In their second event, the 3Km Pursuit Race on Aug 28, the pair went in Heat four of five, with the four best times going into the medal races.

They showed their immense form from the start, getting out of the blocks extremely quick. Before the two thirds mark, they were going so well they managed to lap the Polish duo and ended the race in an astounding of 3:19.946.

It was a world record time, one which was sadly usurped by the British pairing of Lora Fachie and Corrine Hall by half a second. This set up a thrilling final where sadly the UK side won comfortably to bag the Gold.

Setting a then new record, claiming a silver despite Eve’s problems working in that indoor environment, the signs were good ahead of their preferred events on the road. Boy were we in for some monumental success.

The 34KM Time Trial has always been their best event, they are multiple time world champions in the discipline and reigning Para Champions from Rio. Yet they were beaten at this years’ worlds. But as they say, there is nothing more dangerous than a wounded animal.

The tandem duo posted a time of 47:32:07 to come home ahead of the British team, of Laura Fachie and Corrine Hall in second by almost a minute. Revenge for their earlier defeat on the track.

Speaking to RTÉ Sport after the race, McCrystal said that once they were five seconds ahead after the first lap, they didn't want to give that up.

"We went for it, and I think after the first lap we were five seconds up," said McCrystal.

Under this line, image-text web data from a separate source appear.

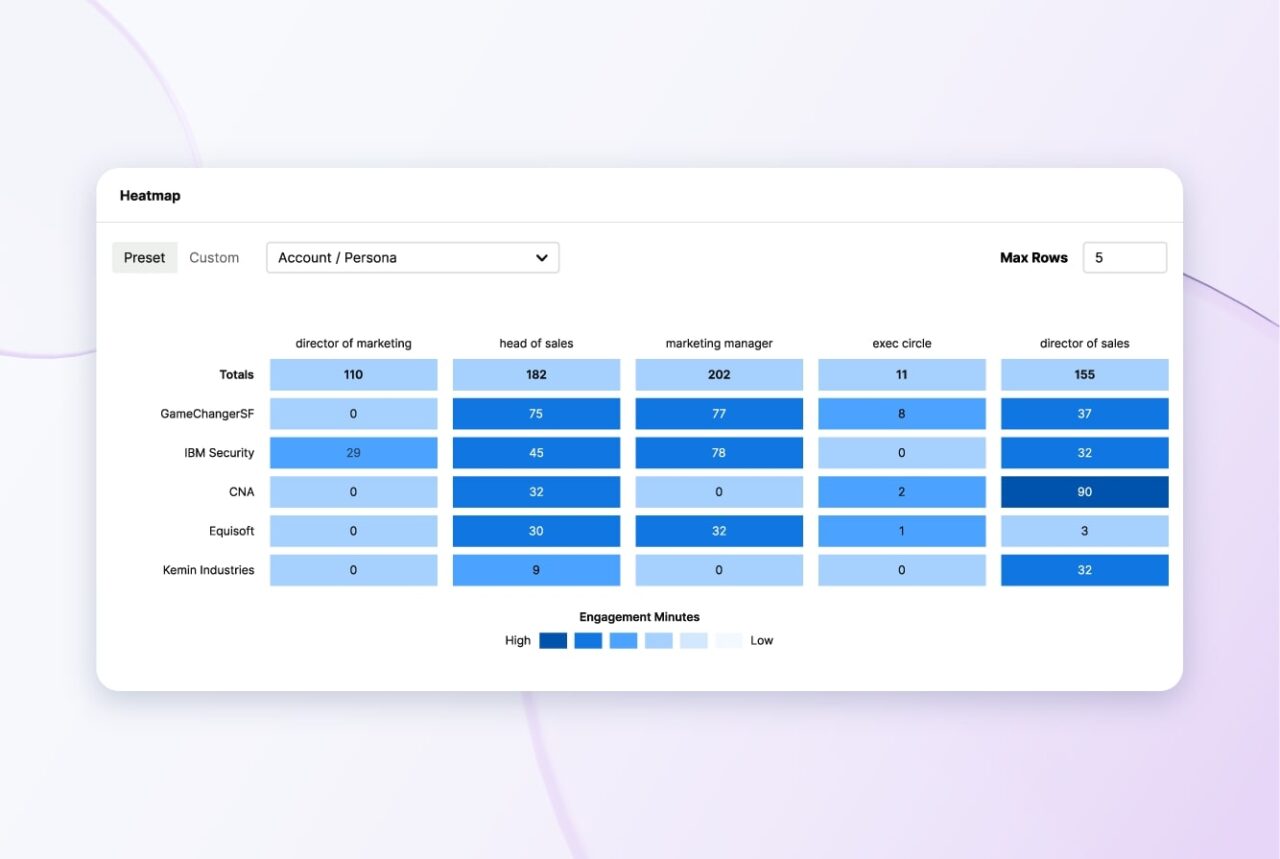 Heatmaps Overview
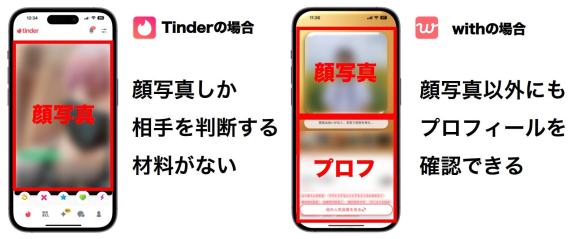 Tinderとwithの画面比較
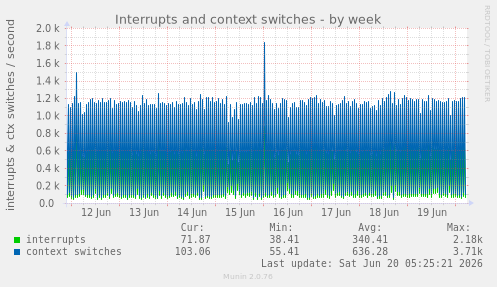 Interrupts and context switches
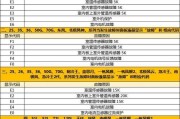 美的中央空调代码故障解析（探索常见故障代码及解决方案）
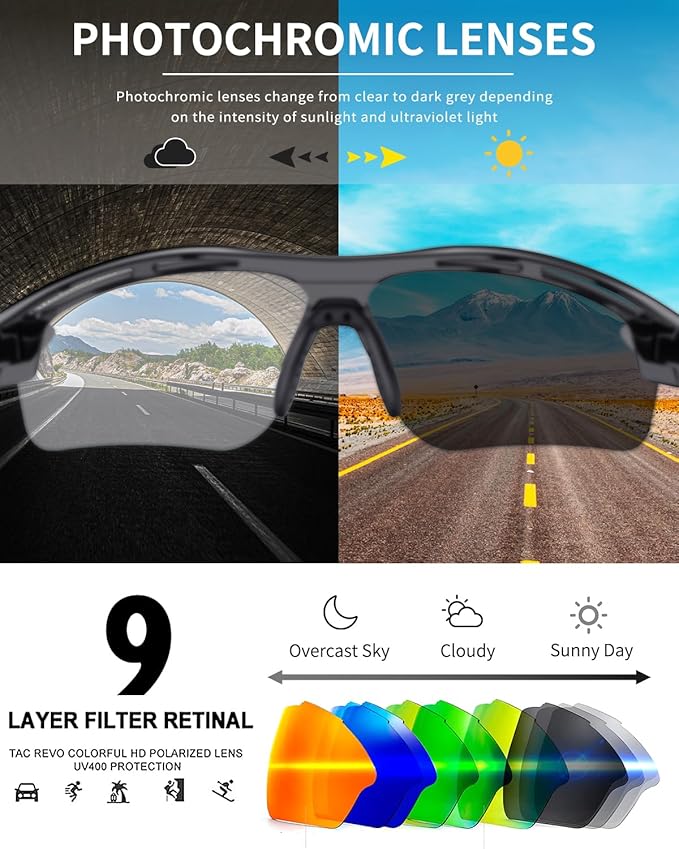 Polarized Sports Sunglasses for Men Women,UV400 Protection Sunglass for Running Cycling Fishing Hiking TR90-StrideForce Fitness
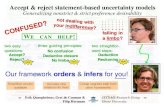 Accept & Reject Statement-Based Uncertainty Models · 2020-04-19 · Gamble set operations & hulls ... We can then conclude using the `axioms' regulating the basic relationskandh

I think we're better ahead than chasing, so I just said in my head 'I'm not letting this go now', so we just went for it. I just think we're after doing the ride of our lives, I can't believe it."

Two medals, their title as the best in the world regained, time to sit back and take it easy in the final event? Not for this duo who now sensed a chance to become legends back home, not just in Dundalk but across the whole nation.

The final event was the road race, a 95km test of the rider’s strength, durability and race prowess. The race saw them battling it out with three other teams from Britain and Sweden who looked like they were going to be tough to pull away from with a gold medal on the line.

Yet in the final 2KM it was the girls in green who found that extra gear, revelling in the uphill finish to finally pull away by seven seconds with a time of 2:35:53. A third medal, a second gold secured in what is Eve’s final games.

"I just said to Katie with about 2km to go that we're going to have to kick the last little drag up. Because the British bike are the current world champions. I didn't want to take them to the line so we had to chance it” she stated to the media following the hard fought victory.”

"We chanced it, we got a gap, and we just went for it and I cannot believe we did that. Double Paralympic champions - oh my God almighty - never in my wildest dreams!"

Nobody can argue her place now as one of the county’s greatest ever sportswomen. Needless to say she deserves every plaudit.